Attention, ça mord !

Des consignes de prudence avaient été données pour la sécurité : interdiction d'approcher l'animal ! Contrairement aux phoques de Weddell ou aux éléphants de mer, le léopard de mer peut s'attaquer à l'homme. Le nombre d'accidents mortels doit se compter sur les doigts d'une main dans toute l'histoire de toutes les campagnes en Antarctique, mais il y a déjà eu quelques grosses frayeurs d'anciens hivernants à DDU. On se contente donc d'admirer ce fauve aquatique depuis une pente qui surplombe la banquise où l'animal venait vraisemblablement de faire bonne pitance !
Le vent catabatique, un peu moins turbulent que la veille, donnait une impression de froid piquant ! C'est d'ailleurs samedi que la température a battu un nouveau record (très provisoire) de froid pour cette mission, avec une minimale de -9.3°, et on était loin du dégel l'après-midi, pas plus de -2.8°C. On pouvait observer au crépuscule de magnifiques specimen d'altocumulus lenticularis et undulatus, qui indiquent notamment la présence de vent fort, et d'un certain niveau d'humidité dans les couches moyennes de la troposphère.
A cet endroit de l'île nichent également des pétrels géants antarctiques (PGA dans le jargon adélien), majestueux oiseaux de près de 2 mètres d'envergure, pas grand chose à envier aux majestueux albatros de l'océan austral...
Jolis altocumulus lenticularis, et en haut à gauche un PGA

Manchots Adélie fuyant Léo, les altocumulus lenticularis et undulatus prennent un ton rosé des plus photogéniques


Le vent a forci dimanche, et est resté fort pendant quatre jours. De quoi perturber les opérations techniques en extérieur de la fin de campagne d'été, consacrées essentiellement au rangement des différents hangars qui ne serviront pas avant l'été prochain. La faute à une vaste dépression sur l'océan austral, faisant accélérer le vent d'est le long du littoral.

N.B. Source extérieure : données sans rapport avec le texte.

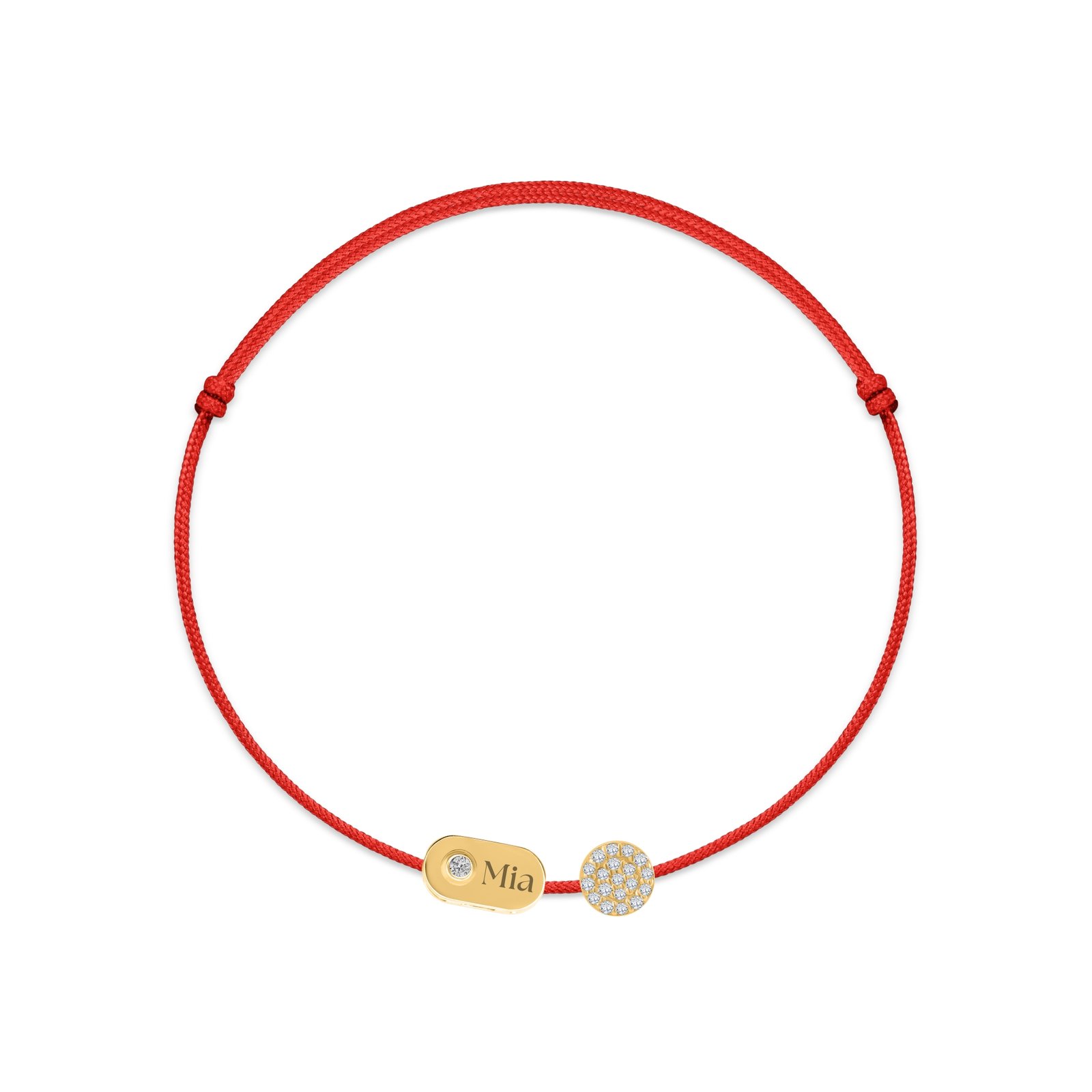 Plate & Pavé Diamond String Bracelet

Fugace éclaircie pendant la séquence de mauvais temps : chasse-neige dorée par le soleil rasant du coucher

Le cœur de la dépression s'est dirigé vers DDU dans la journée de mercredi, depuis le Nord-Nord-Est, en continuant de se creuser. Trois facteurs qui expliqueront la virulence observée du vent à DDU.
En effet, comme le vent tourne dans le sens des aiguilles d'une montre autour des dépressions dans l'hémisphère sud, lorsqu'une dépression se situe au nord-est de DDU, le vent catabatique est d'autant plus fort. Lorsque la dépression se rapproche, le gradient de pression augmente, et le vent forcit encore : l'air est aspiré vers cette dépression, et le catabatique sert de "chasse d'air" du continent, qui est, pour simplifier, un dôme d'air froid à la circulation anticyclonique, vers la dépression en mer. Si la dépression se creuse, cela signifie que l'aspiration de l'air accélère.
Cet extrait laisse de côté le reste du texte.